Sources dispute whether the document recommending the Federal Energy Regulatory Commission sue JPMorgan Chase was leaked by government officials or the bank itself.

The New York Times is still in exclusive possession of a confidential government document recommending that the Federal Energy Regulatory Commission sue several individuals at JPMorgan Chase over alleged "manipulative schemes" in connection with energy trading in California and Michigan.

I can confirm that the document exists and recommends official actions against the JPMorgan executives. But the document itself remains elusive.

As does the question of who gave it to the Times.

JPMorgan sources initially said the company believed the document was leaked by FERC. Later, it said that it was unclear who leaked the document, but that it was clear whoever leaked it was trying to make the bank "look bad by telling one half of the story."

"It is full of salacious and inaccurate BS," one person familiar with the matter said.

A U.S. government source familiar with the matter denies the leak came from FERC. This source believes the leak came from JPMorgan itself, in an attempt to prepare the market in advance of the filing of an actual lawsuit.

The story in the Times, however, does not seem to imply much cooperation on the part of JPMorgan.

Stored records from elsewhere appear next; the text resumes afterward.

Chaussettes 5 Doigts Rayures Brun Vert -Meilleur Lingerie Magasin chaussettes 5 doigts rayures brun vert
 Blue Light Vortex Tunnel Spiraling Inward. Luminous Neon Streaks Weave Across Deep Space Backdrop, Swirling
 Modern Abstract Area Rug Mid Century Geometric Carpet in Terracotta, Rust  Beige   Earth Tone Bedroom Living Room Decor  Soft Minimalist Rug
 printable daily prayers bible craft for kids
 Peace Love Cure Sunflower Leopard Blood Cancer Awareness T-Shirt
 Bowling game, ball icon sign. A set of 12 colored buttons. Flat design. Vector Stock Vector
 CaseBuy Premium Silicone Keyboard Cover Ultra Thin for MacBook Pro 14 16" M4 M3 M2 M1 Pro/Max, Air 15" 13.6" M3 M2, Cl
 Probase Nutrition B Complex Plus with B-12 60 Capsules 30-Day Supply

It's nearly all based on government accusations. If it were a JPMorgan plant, you'd expect the bank to at least have tried to spin the allegations a bit.

FERC is not known as a serial leaker, unlike some other regulatory agencies with jurisdiction over financial institutions.

One possibility is that the leak came from outside either JPMorgan or FERC - perhaps from another regulator with whom FERC shared its memo.